Sound editor Wylie Stateman, nominated for "Django Unchained":
"Quentin Tarantino is actually looking to paint with blood and paint with sound. He is an audio enthusiast of the highest order, starting first with music and those rhythms and ending with what can be shocking punctuation sound-wise. So the gun battles, the shocking moments of gore, these are things that Quentin wants to suggest sonically in a way that makes them more satisfying and more abstract. 'Django' attempts to be abstract from giddyap to whoa, from beginning to end.

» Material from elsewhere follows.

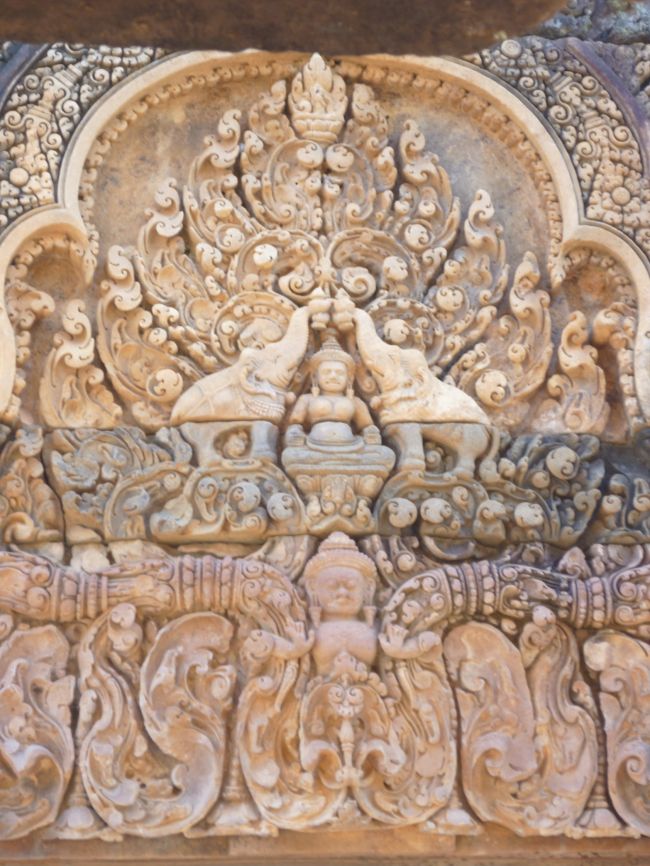 ヴィシュヌ神の妻、ラクシュミー(中央）<br /><br />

"We were really looking for this analog, natural, acoustical sound for many different aspects of the film — the gunshots, the whip cracks, even some of the yelling and screaming. And for that, we camped out. I slept in a pickup truck for a week gathering sounds in Death Valley. And when that wasn't producing everything we wanted, we went into Utah to Zion National Park. And then when that didn't produce what we wanted, we went all the way to Monument Valley, which is in that Four Corners area, where they shot a lot of classic westerns. Because of the sheer rock vertical faces of 1,000 feet or more, we could get multiple echoes and things. Monument Valley produced the most interesting acoustical recordings that we made."
Sound editors Per Hallberg and Karen Baker Landers, nominated for "Skyfall":
Karen Baker Landers: "From a sound perspective, Sam Mendes was really less concerned about realism than he was how the sound moved him or affected him emotionally. We used water and the sounds of crashing waves to bring us into the scene on the beach with the lovemaking. They were real waves, but we manipulated them. Do you know how a wave has a swell and then a crash, and on the crash, there's a lot of whitewater? We'd clean up all that whitewater noise and then, basically, we spaced each wave out identically, which is not natural. And through editorial and mix, we made a really rhythmic, hypnotic sound that is just left of center of reality."
Per Hallberg: "I will pick a very simple, short moment that, every time, sends chills up my spine: the reveal of the DB5. Bond pulls up the garage door, and we visually see the car for the first time, and we get a little piece of the classic Bond theme, and then we hear that very specific engine sound from the car as it starts up and drives out of the garage. That 15 seconds, 20 seconds of the movie just grabs me every single time. And that's not about just our work — it's a combination of music, picture and sound."